I was 12 when I quit. Thank goodness, because according to Flesh & Bone (Lightbox), it's addictive and really bad for you. Sure, giving up ballet meant I would never get into the company of my dreams. But it also meant I wouldn't casually lose a toenail, be humiliated if my phone rang during class, or be told to "get the girls out" at a company party. My sadistic brother wouldn't come looking for me, a homeless guy wouldn't give me drugs and my jealous new flatmate wouldn't be a complete biotch.
All of this happens to troubled ingenue Claire in the creepy but compelling new series from Breaking Bad's Moira Walley-Beckett. Just as Darren Aronofsky's Black Swan explored the ugliness lurking beneath the beauty of ballet, this unsettling drama finds depraved new levels for the characters to sink to for their art.
Sarah Hay (also of Black Swan) is well cast as the new girl in the American Ballet Company. She's naive, sensitive, vulnerable. She's also brilliant, and thrown into the principal role overnight, turning nearly everyone into her nemesis. If you thought Glee was catty, try surviving a day in this studio.
Everyone is insecure about their place in the company, particularly ageing principal dancer Kiira, who is sleeping with the boss and on drugs. The straight guy wants to shag Claire. So does a wealthy Frenchman who she's virtually set up with as payment for sponsorship. If there's a theme developing it's that the dancers are expected to, well, perform. Even the semi-friendly one gives lap-dances at a seedy club. All of which gives the first episode a kind of bleak humourlessness. But by the second ep, this nasty little melodrama has become quite addictive. And because it's ballet, there's always something pretty to look at, even if some of it borders on cliche.
It's led by a cast of world-class dancers who are exquisite to watch, even if they're just warming up in the background. Little details make it more authentic too - Claire's green-eyed flatmate keeps her pointe shoes in the fridge. Like Breaking Bad, Flesh & Bone admirably shows, rather than tells, many of its disturbing scenes playing out without much dialogue. When it does come, it's pithy and dark.
"We make gravity our bitch," smirks Paul (Ben Daniels), the mercurial head of the company, who looks like a rugged Ethan Stiefel. The former American Ballet Theatre star and artistic director of the Royal New Zealand Ballet for three years, Stiefel is also the show's choreographer. Judging by his congenial public appearances, it's doubtful he'd have resorted to the dismissive cruelty of his TV alter ego. If that were the case, few would continue to dance beyond the age of 12.

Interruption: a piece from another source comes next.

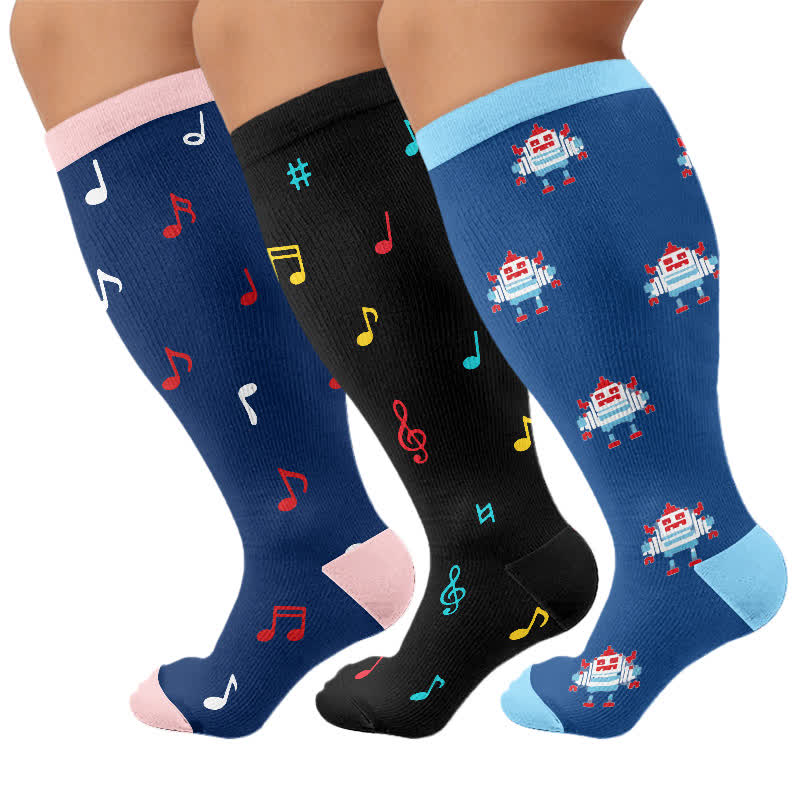 Plus Size Music Robot Compression Socks - image 4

Speaking of series based on films, Fargo (midway through season two, 8.30pm, Tuesdays, SoHo) is a sardonic match to the Coen brothers' flick of 1996, and so far, just as good as the first season, if not better. Suck on that, True Detective. It leans just as heavily on stylistic touches, the wintry Minnesotan landscape as much a character as the cheery North Dakota accent, and the strong cast - Patrick Wilson, Ted Danson, Kirsten Dunst, Jesse Plemons, Jeffrey Donovan, Jean Smart and Nick Offerman - gelling to create the grittiest, funniest drama on air.

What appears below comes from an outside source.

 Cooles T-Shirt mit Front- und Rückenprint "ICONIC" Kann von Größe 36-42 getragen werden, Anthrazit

Meanwhile, the show cleverly reflects a time of cultural change, whether it's showing a woman in charge (Smart's crime family matriarch) or throwing in an awkward conversation between Lou Solverson and Ronald Reagan at the urinal.
For what was a relatively simple set-up of a murder gone wrong, the plot keeps finding new ways to surprise, the latest the bloody attacks meaning a war between crime factions is well and truly under way. Aw geez.